LONGMONT — Despite a looming tight budget, the St. Vrain Valley School District staff found a way to keep its essential-skills certification program afloat.

The program — which requires students to prove eighth-grade reading proficiency to earn a diploma — is aimed at preventing students from falling through the cracks.

Three weeks ago, the announcement of a tight budget put the program in jeopardy. The district announced Wednesday at its Board of Education meeting that it has found a way to continue with the certification program on a limited budget.

"With redirected funding and creative use of federal grant money, we have found a way," said Russ Ramsey, St. Vrain's executive director of secondary education.

The program would operate on about $600,000 instead of the earlier $1.4 million estimate. The money goes toward helping students who need to improve their reading skills.

This year's sixth-grade class would be the first students required to earn the essential-skills certificate before high school graduation. Because the program is now on a limited budget, that requirement is pending board approval at a later date, Ramsey said.

Summer school for elementary and middle school students is the first step in essential skills certification and will begin this year — although with fewer locations and a $100 tuition fee. A limited number of tuition waivers will be available.
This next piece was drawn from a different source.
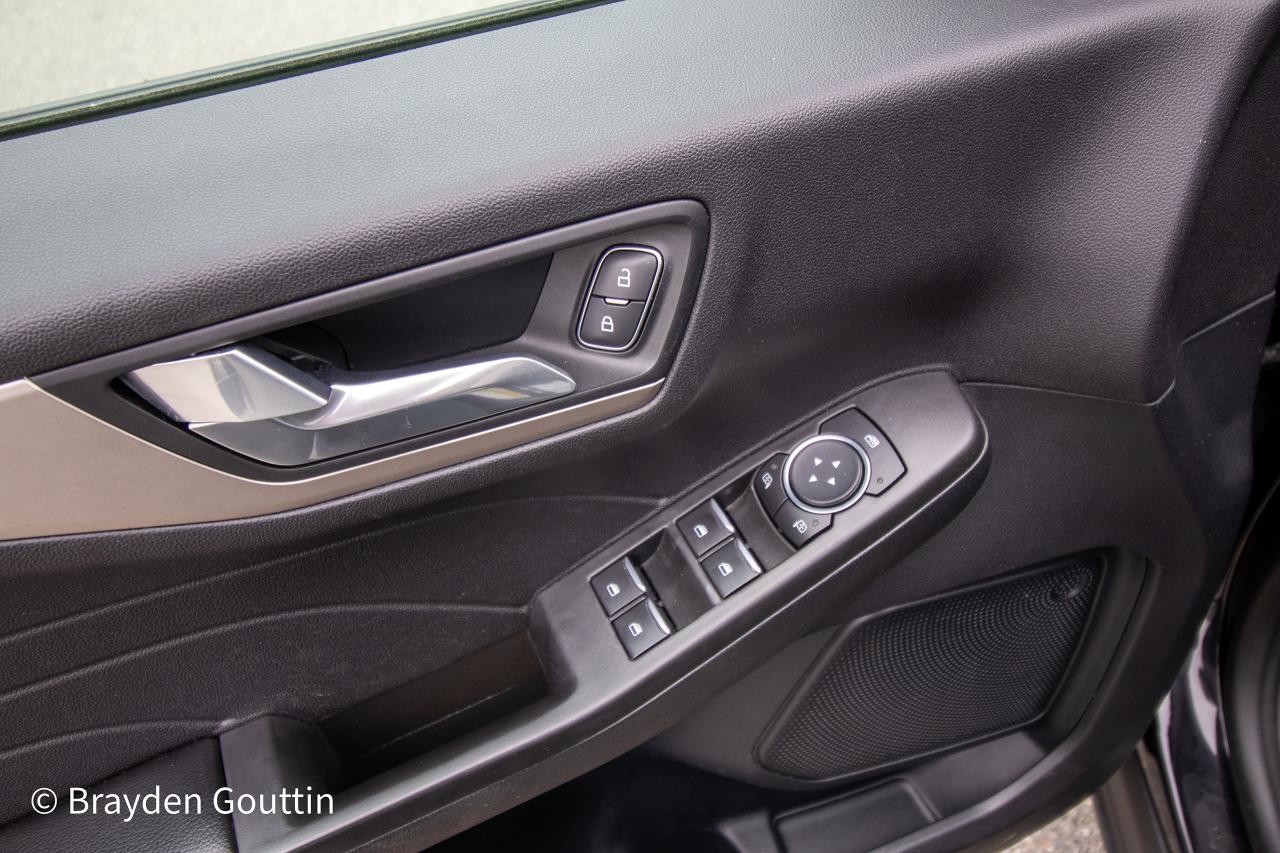 2021 Ford Escape SEL 4WD Photo5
Earning the certificate requires students to score proficient or advanced on the eighth-grade Colorado Student Assessment Program reading test.

If a student did not score high enough on the CSAP, he or she could earn the certificate by proving proficiency in two out of three ways: scoring proficient on the ninth-grade Terra Nova reading test, passing a district checklist of reading skills or passing an informal reading test.

"This is the single most important thing you can do, systematically, for our kids," said Richard Weber, St. Vrain superintendent.